» WHAT YOU NEED TO DO: Retype each record shown below, leaving every character as it is.

:::::

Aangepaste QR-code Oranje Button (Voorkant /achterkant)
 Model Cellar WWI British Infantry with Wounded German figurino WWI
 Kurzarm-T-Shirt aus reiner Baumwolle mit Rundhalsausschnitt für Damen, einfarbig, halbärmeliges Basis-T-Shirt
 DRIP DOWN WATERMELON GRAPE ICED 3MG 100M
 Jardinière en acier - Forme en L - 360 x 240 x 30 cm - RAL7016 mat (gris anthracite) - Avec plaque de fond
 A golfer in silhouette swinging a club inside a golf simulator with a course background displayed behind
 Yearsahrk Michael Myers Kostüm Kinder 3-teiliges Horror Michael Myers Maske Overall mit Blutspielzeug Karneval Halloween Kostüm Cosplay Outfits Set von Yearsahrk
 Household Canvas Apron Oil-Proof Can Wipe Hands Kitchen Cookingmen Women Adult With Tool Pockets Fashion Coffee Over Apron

:::::

» SOLUTION BELOW:
Aangepaste QR-code Oranje Button (Voorkant /achterkant)
 Model Cellar WWI British Infantry with Wounded German figurino WWI
 Kurzarm-T-Shirt aus reiner Baumwolle mit Rundhalsausschnitt für Damen, einfarbig, halbärmeliges Basis-T-Shirt
 DRIP DOWN WATERMELON GRAPE ICED 3MG 100M
 Jardinière en acier - Forme en L - 360 x 240 x 30 cm - RAL7016 mat (gris anthracite) - Avec plaque de fond
 A golfer in silhouette swinging a club inside a golf simulator with a course background displayed behind
 Yearsahrk Michael Myers Kostüm Kinder 3-teiliges Horror Michael Myers Maske Overall mit Blutspielzeug Karneval Halloween Kostüm Cosplay Outfits Set von Yearsahrk
 Household Canvas Apron Oil-Proof Can Wipe Hands Kitchen Cookingmen Women Adult With Tool Pockets Fashion Coffee Over Apron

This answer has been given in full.